Для команд, работающих с «доки против кода», короткий шаблон часто лучше длинного гайда. Одна страница достаточна, если она отвечает на три вещи: какая задача, какой источник идёт первым и какое доказательство должна использовать модель, прежде чем предложить фикс.

Если нужна внешняя помощь в настройке, держите её практичной. Oleg Sotnikov, at oleg.is, работает в роли Fractional CTO и стартап‑советника. Он помогает командам строить AI‑first рабочие процессы, lean‑инфраструктуру и правила контекста, подходящие для ежедневной инженерной работы.

Часто задаваемые вопросы

Нужно ли всегда отправлять доки и код вместе?

Нет. Начните с источника, который соответствует задаче. Для бага сначала отправляйте код. Для фичи — правило или заметку по продукту. Для инцидента — оповещения, логи и runbook.

Добавляйте второй источник только если первый оставляет реальный пробел. Это сохраняет ответ сфокусированным и его проще проверить.

Что отправлять в первую очередь при поиске бага?

Для большинства багов сначала отправляйте путь к падающему коду. Включите ближайший тест, любую конфигурацию или feature flag, влияющую на поведение, и недавние изменения в этой области.

Этот небольшой набор обычно дает модели достаточно контекста, чтобы проследить, как система ведет себя сейчас, не теряясь в старых планах или больших документах.
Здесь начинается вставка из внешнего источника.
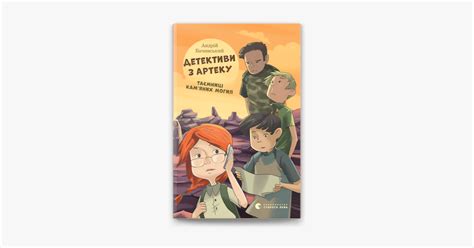 ‎Детективи з Артеку. Таємниці Кам’яних Могил. Книга 2 on Apple Books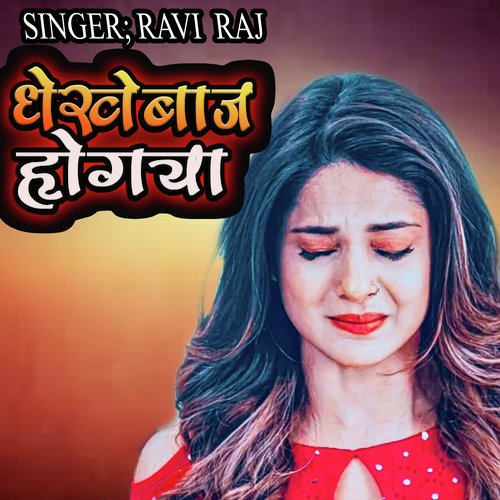 DhokheBaaz HoGaya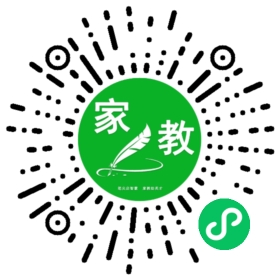 *樊女士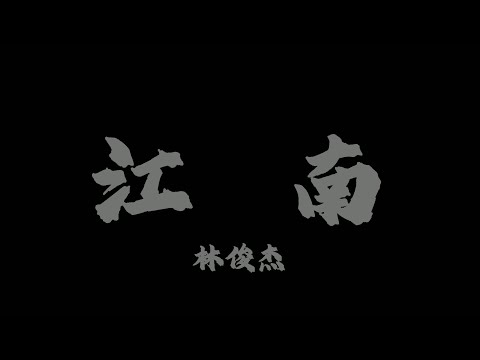 林俊傑 - 江南『不懂愛恨情愁煎熬的我們 都以為相愛就像風雲的善變』【Lyrics Video】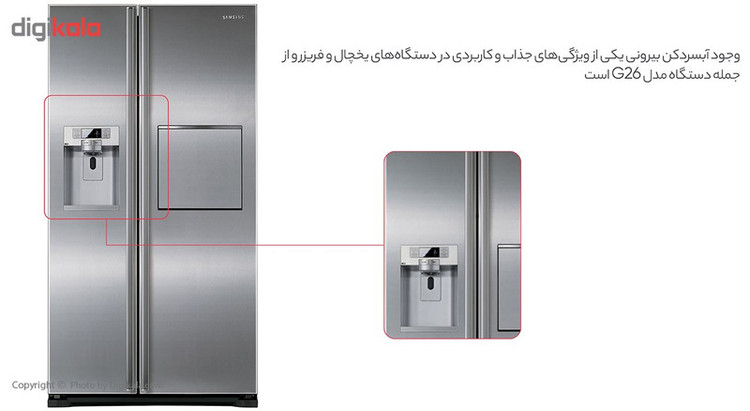 یخچال و فریزر 27 فوت سامسونگ مدل G26
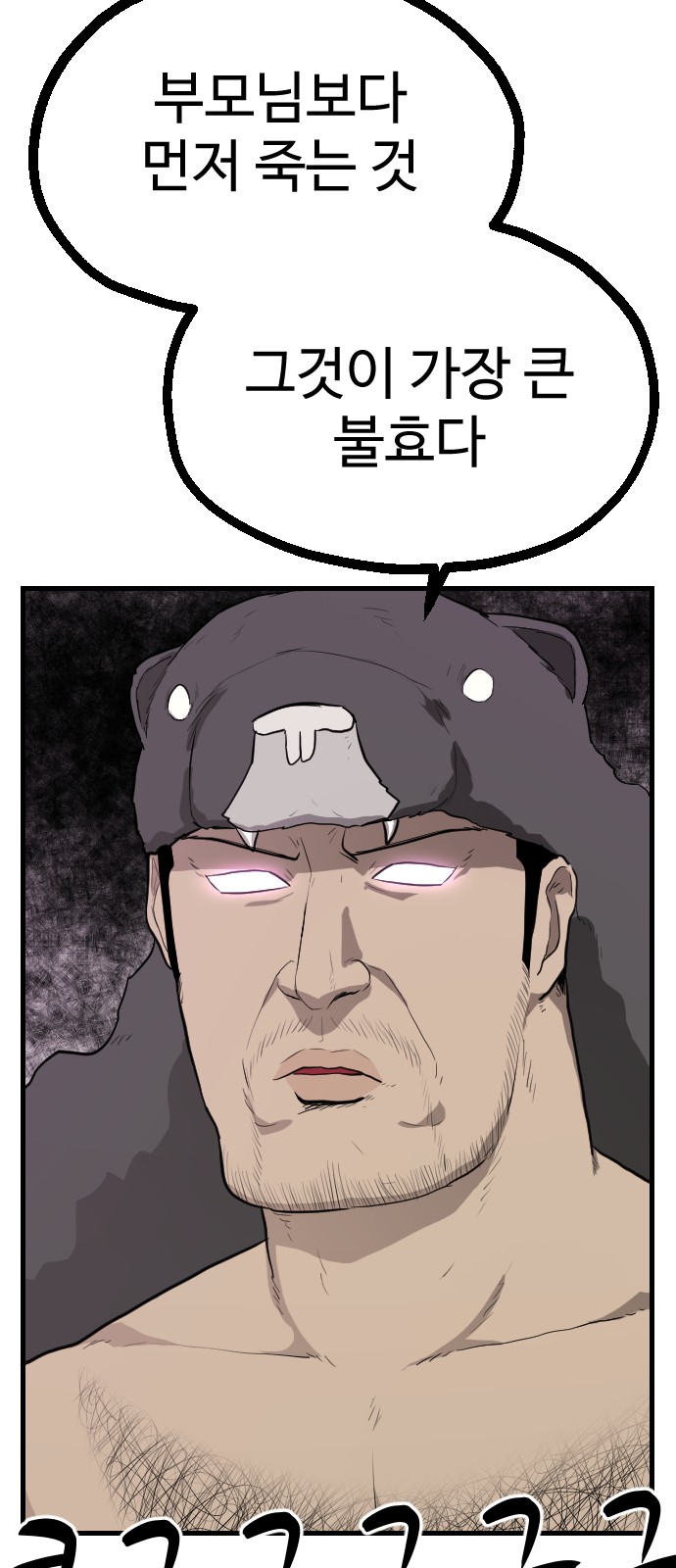 79 페이지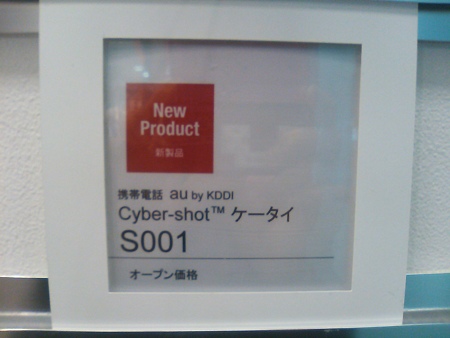 SN3I0001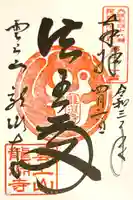 龍淵寺(龍渕寺)の御朱印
Что отправлять в первую очередь для новой фичи?

Для фич начинайте с намерения. Отправьте бизнес‑правило, пользовательский поток, критерии «готовности» и любые крайние случаи, о которых команда уже договорилась.

После этого добавляйте только те модули, которые, как ожидается, потребуется изменить. Такой порядок помогает модели сделать то, что просили, а не просто повторить шаблоны, найденные в соседнем коде.

Как формулировать запрос к модели во время инцидента?

Начинайте с живых сигналов, а не с целого репозитория. Отправьте текст алерта, runbook, недавний деплой или изменение конфигурации и несколько строк лога с отметками времени.

Когда вы сузите область проблемы, добавьте небольшой фрагмент кода, соответствующий симптомам. Это помогает держать триаж коротким и быстрее принять безопасное решение.

Сколько контекста достаточно?

Используйте минимальный набор контекста, который отвечает на одну четкую вопрос‑задачу. Если вы не можете объяснить, почему файл, страница или кусок лога должен быть в подсказке, удалите его.

Маленькие подсказки обычно работают лучше: модель тратит меньше времени на сортировку шума и больше — на реальную проблему.

Что делать, если доки и код говорят разное?

Считайте расхождение предметом расследования. Код показывает, что система делает сейчас. Документы — что команда хотела или ожидала.

Для багов сначала ориентируйтесь на поведение в продакшене, затем используйте документы, чтобы подтвердить, совпадает ли текущее поведение с ожидаемым.

Почему стоит включать тесты и конфиг в подсказку для бага?

Тесты и конфигурация часто объясняют поведение, которое не видно в основном файле кода. Флаг, значение окружения, правило схемы или предположение в тесте может изменить результат, даже если функция выглядит корректной.

Если вы пропустите эти файлы, модель начнёт догадываться — и именно там появляются неточные или расплывчатые решения.

Что спросить перед добавлением дополнительных файлов?

Задайте прямой вопрос: что не хватает, чтобы хорошо завершить эту задачу? Хороший ответ будет конкретным, например «правило скидки» или «воркер, который пишет это поле».

Если ответ размытый, задача всё ещё слишком широкая — сузьте её перед добавлением материалов.

Могут ли устаревшие доки ухудшить ответ?

Да. Старые документы могут тянуть модель в сторону поведения, которого больше нет. Это усугубляется, если код изменили, а доки не обновили.

Используйте устаревшие доки как подсказку о дрейфе, но не принимайте их за окончательную истину без проверки текущего кода или живых сигналов.

Как команде сделать этот подход постоянным?

Выберите простой плейбук для типичных задач. Определите, что люди отправляют для багов, фич и инцидентов, и держите эти источники легкодоступными.

Ревью нескольких реальных подсказок в месяц помогает быстро выявить и исправить паттерны. Команды быстро улучшают процесс, если переиспользуют маленький шаблон вместо того, чтобы каждый раз кидать всё в запрос.